Following high school, Patrick attended Loyola Marymount University, where he was a member of Alpha Delta Gamma fraternity; he graduated in 1961. He served a tour of duty with the United States Coast Guard from 1961 to 1965. During this time, he struck out on his own to star in The Young Land (1959).
Patrick Shines Alongside Dad
He supported his father in The Alamo, Donovan’s Reef, McLintock! and The Green Berets. He also appeared in Cheyenne Autumn (1964), as James Stewart’s son in Shenandoah (1965), in An Eye for an Eye (1966), The Deserter (1971), and in a lead role in The Bears and I for Walt Disney (1974).

Following work on his father’s 1971 film Big Jake, Wayne earned recognition in the sci-fi genre. His career peaked in the late 1970s in the popular matinee fantasy Sinbad and the Eye of the Tiger (1977), then in The People That Time Forgot (1977). He co-starred as a romantic love interest to Shirley Jones in the brief TV series Shirley (1979).
Tic-Tac-Dough Host
He was the host of The Monte Carlo Show in 1980 and occasionally worked on game shows and syndicated variety series. Wayne served as the host of the 1990 revival of the game show Tic-Tac-Dough. Wayne had many appearances on popular television series of the 1970s and 1980s.

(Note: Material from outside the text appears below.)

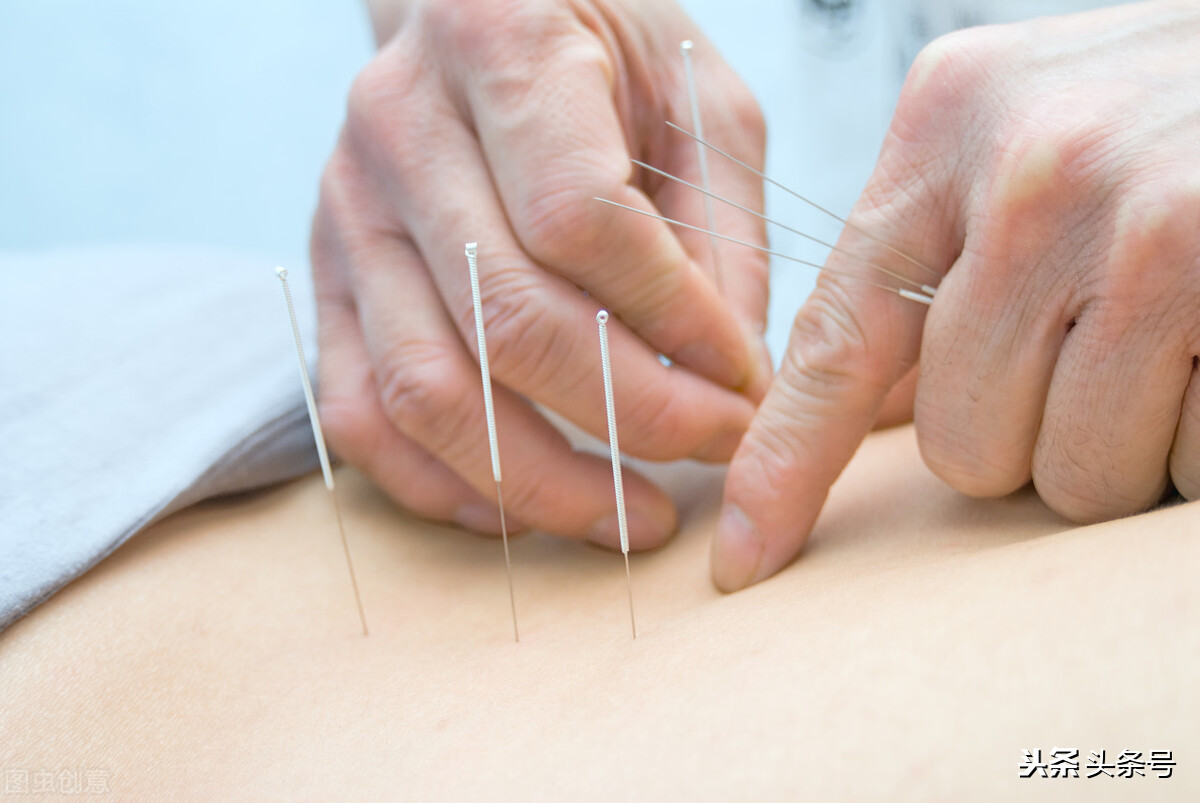 当我遇到他，我才知道，原来针灸可以变成一种享受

His roster included Fantasy Island (1978), Murder, She Wrote (1984), Charlie’s Angels (1976), Sledge Hammer! (1986), and The Love Boat. Wayne appeared in the movie Young Guns (1988) as Pat Garrett. He also did a comic turn in the Western spoof Rustler’s Rhapsody (1985).
Retired and Devoted to the John Wayne Cancer Institute
Patrick was married to Peggy Hunt from 1965 to 1978. In 1999, he married Misha Anderson. Today, he is retired from acting and living in Arizona. Like all of Wayne’s living children, he is active with the John Wayne Cancer Institute and was named board chair in 2003.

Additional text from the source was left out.